*** RECORDS ***
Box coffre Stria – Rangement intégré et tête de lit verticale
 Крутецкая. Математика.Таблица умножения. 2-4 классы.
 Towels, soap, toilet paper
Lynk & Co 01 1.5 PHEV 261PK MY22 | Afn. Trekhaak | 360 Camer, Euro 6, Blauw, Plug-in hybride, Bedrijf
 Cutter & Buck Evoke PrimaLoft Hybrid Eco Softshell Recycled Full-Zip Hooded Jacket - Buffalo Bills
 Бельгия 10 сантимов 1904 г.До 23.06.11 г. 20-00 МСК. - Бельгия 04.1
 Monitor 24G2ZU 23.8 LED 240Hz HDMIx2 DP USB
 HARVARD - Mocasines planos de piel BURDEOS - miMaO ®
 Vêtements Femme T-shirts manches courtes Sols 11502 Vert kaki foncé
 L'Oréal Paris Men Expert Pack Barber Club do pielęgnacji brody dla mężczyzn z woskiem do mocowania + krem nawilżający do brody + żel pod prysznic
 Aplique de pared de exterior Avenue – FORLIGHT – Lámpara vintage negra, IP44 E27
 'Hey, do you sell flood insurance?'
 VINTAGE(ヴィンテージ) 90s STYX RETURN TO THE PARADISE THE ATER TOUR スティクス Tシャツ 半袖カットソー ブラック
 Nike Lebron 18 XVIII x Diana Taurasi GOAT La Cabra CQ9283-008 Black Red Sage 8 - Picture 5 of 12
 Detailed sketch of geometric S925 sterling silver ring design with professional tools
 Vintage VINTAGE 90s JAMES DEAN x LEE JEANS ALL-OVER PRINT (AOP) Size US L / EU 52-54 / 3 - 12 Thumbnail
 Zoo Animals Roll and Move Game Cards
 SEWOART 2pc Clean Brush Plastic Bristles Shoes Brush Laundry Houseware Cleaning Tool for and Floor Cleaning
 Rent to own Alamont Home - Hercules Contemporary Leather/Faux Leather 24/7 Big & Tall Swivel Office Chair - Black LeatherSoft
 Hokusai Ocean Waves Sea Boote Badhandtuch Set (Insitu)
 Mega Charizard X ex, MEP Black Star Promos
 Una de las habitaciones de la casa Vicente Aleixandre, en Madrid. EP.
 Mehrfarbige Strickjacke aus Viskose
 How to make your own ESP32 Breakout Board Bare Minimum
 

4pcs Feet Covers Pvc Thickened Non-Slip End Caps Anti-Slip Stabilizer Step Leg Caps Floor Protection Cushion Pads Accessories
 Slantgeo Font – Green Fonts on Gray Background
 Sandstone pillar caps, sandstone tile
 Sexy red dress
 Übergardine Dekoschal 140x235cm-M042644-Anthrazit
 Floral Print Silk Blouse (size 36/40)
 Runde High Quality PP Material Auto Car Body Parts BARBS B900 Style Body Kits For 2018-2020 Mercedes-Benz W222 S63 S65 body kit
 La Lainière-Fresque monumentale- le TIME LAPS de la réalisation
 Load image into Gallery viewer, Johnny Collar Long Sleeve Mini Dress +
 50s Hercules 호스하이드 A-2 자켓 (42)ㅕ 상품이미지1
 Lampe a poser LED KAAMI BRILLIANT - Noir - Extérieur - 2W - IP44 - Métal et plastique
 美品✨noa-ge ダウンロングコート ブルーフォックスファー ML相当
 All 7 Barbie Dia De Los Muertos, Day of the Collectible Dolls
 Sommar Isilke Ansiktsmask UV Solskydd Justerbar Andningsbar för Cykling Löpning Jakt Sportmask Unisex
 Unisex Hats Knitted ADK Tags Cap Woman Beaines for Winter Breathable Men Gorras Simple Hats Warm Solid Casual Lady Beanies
***
* YOUR ASSIGNMENT *
From the records above, print only the lines between the one holding "Load image into" and the one holding "美品✨noa-ge ダウンロングコート ブルーフォックスファー ML相当", inclusive, exactly as they stand.

* TASK ANSWER *
 Load image into Gallery viewer, Johnny Collar Long Sleeve Mini Dress +
 50s Hercules 호스하이드 A-2 자켓 (42)ㅕ 상품이미지1
 Lampe a poser LED KAAMI BRILLIANT - Noir - Extérieur - 2W - IP44 - Métal et plastique
 美品✨noa-ge ダウンロングコート ブルーフォックスファー ML相当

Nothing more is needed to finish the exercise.